The story of pasta in Italy goes back thousands of years. It’s said that pasta was first introduced to Italy by the Romans or possibly even by Marco Polo from China. Regardless of its origins, Italy made pasta its own. Over time, pasta evolved, becoming a symbol of Italian identity and culture. Today, it’s hard to imagine Italian cuisine without pasta, and it’s no surprise that it has become a global sensation. In Italy, pasta is more than just a meal. It’s often at the center of family gatherings, celebrations, and daily life. Each region has its unique pasta shapes and sauces, reflecting the diversity of the country’s culinary traditions. Whether it’s spaghetti, ravioli, or lasagna, pasta brings people together, offering comfort and familiarity.One of the first decisions any pasta lover must make is whether to choose fresh or dry pasta.

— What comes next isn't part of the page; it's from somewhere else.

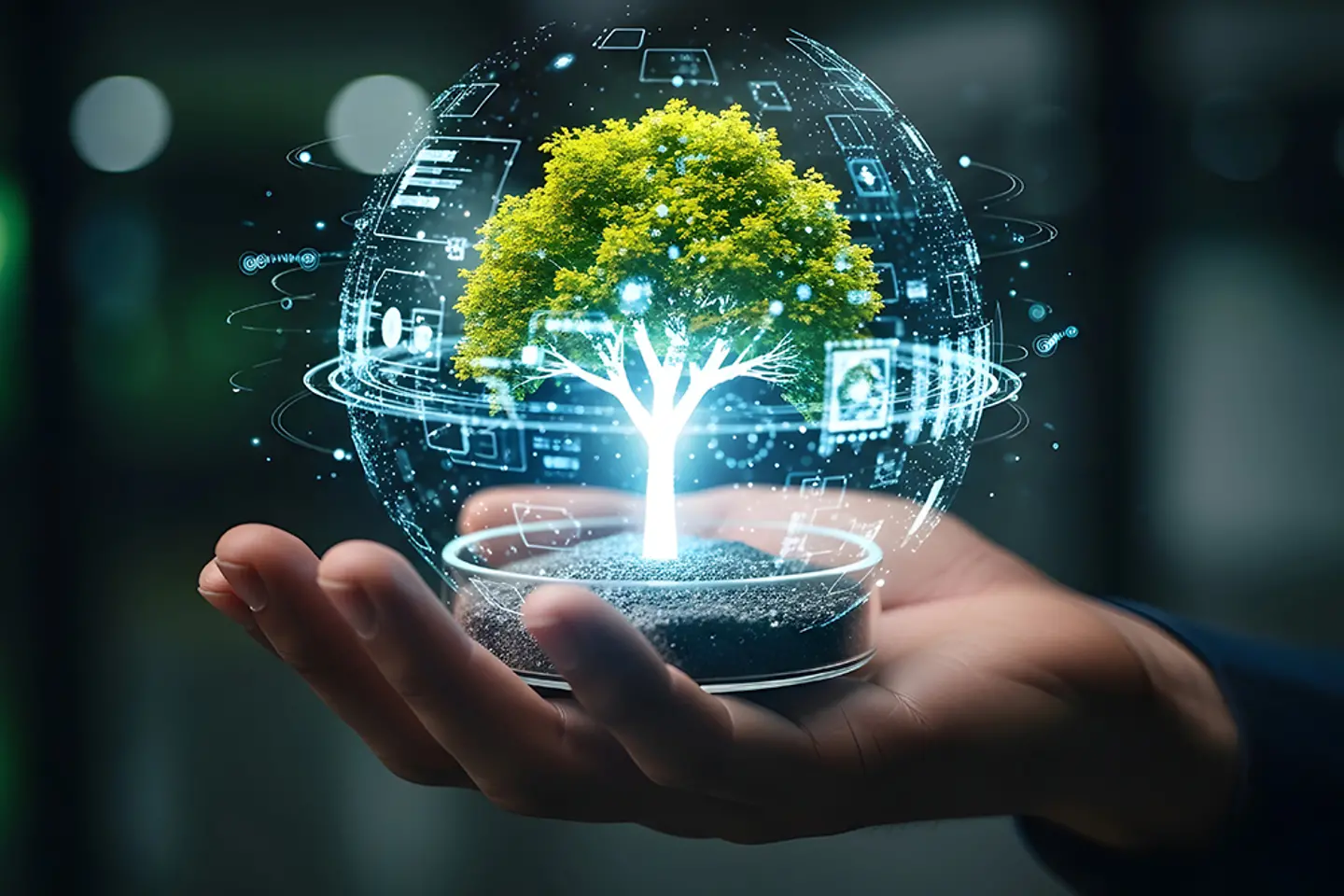AI-generated image - Hand holding digital globe with tree and city network hologram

Fresh pasta, often made from eggs and flour, is tender and has a delicate flavor. Dry pasta, made from durum wheat semolina, is firmer and holds up well with hearty sauces. Both have their place in Italian cuisine, and each offers a unique experience. Pasta comes in all shapes and sizes, each designed to complement specific sauces. Spaghetti, fettuccine, penne, and rigatoni are just a few examples. While spaghetti works well with lighter sauces, penne and rigatoni are ideal for chunky, robust sauces that cling to their ridged surfaces.
Craving Pizza? Come Experience the Ultimate in Cheesy Goodness!

The story of pasta in Italy goes back thousands of years. It’s said that pasta was first introduced to Italy by the Romans or possibly even by Marco Polo from China. Regardless of its origins, Italy made pasta its own. Over time, pasta evolved, becoming a symbol of Italian identity and culture. Today, it’s hard to imagine Italian cuisine without pasta, and it’s no surprise that it has become a global sensation. In Italy, pasta is more than just a meal. It’s often at the center of family gatherings, celebrations, and daily life. Each region has its unique pasta shapes and sauces, reflecting the diversity of the country’s culinary traditions. Whether it’s spaghetti, ravioli, or lasagna, pasta brings people together, offering comfort and familiarity.One of the first decisions any pasta lover must make is whether to choose fresh or dry pasta. Fresh pasta, often made from eggs and flour, is tender and has a delicate flavor. Dry pasta, made from durum wheat semolina, is firmer and holds up well with hearty sauces. Both have their place in Italian cuisine, and each offers a unique experience. Pasta comes in all shapes and sizes, each designed to complement specific sauces. Spaghetti, fettuccine, penne, and rigatoni are just a few examples. While spaghetti works well with lighter sauces, penne and rigatoni are ideal for chunky, robust sauces that cling to their ridged surfaces.